Segment Open

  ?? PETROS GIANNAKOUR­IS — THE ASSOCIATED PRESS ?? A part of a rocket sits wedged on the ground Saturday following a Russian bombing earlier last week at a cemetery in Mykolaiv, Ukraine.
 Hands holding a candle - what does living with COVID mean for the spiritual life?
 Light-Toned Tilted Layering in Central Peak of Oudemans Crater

Segment Closed
Segment Open

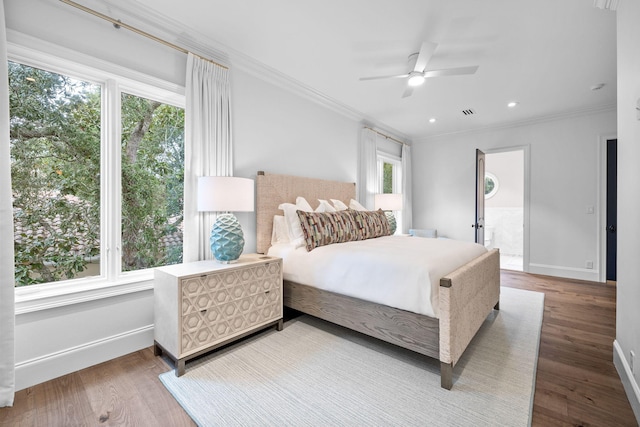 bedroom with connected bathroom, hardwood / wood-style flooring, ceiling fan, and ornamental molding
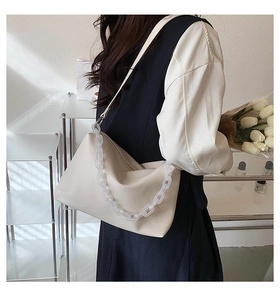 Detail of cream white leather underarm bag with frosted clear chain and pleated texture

Segment Closed

Taking the entries above, write out exactly each line from the one holding "Hands holding a" to the one holding "Light-Toned Tilted Layering", both included, and stop there.

**Answer**
 Hands holding a candle - what does living with COVID mean for the spiritual life?
 Light-Toned Tilted Layering in Central Peak of Oudemans Crater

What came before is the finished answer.